In the records below, repeat word for word only the lines starting at the one that contains "Blue leather phone" and ending at the one that contains "Middle age handsome", pictures excluded.

- RECORDS FOR PROCESSING
⁂
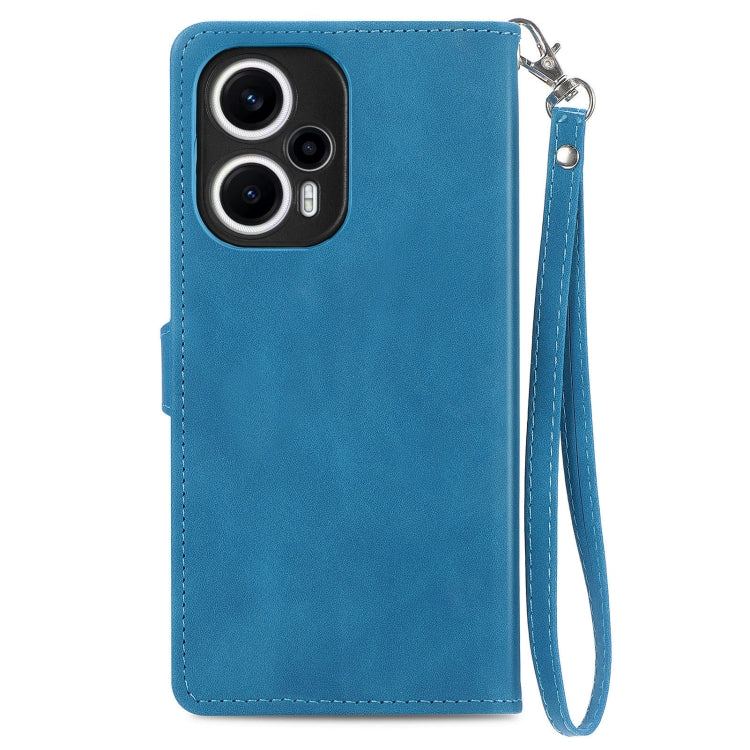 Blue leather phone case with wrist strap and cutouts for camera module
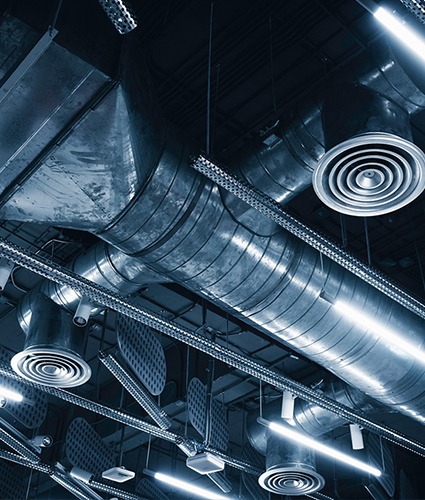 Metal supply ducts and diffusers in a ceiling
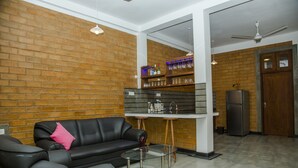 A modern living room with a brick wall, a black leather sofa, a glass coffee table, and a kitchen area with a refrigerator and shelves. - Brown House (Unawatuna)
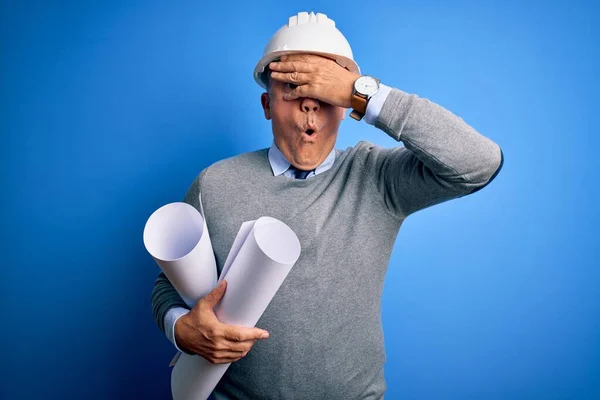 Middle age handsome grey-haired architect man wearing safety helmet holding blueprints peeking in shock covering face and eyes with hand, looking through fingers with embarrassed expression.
⁂
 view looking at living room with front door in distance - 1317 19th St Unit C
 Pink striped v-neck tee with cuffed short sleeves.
⁂
- SOLUTION TO THIS PROBLEM
 Blue leather phone case with wrist strap and cutouts for camera module
 Metal supply ducts and diffusers in a ceiling
 A modern living room with a brick wall, a black leather sofa, a glass coffee table, and a kitchen area with a refrigerator and shelves. - Brown House (Unawatuna)
 Middle age handsome grey-haired architect man wearing safety helmet holding blueprints peeking in shock covering face and eyes with hand, looking through fingers with embarrassed expression.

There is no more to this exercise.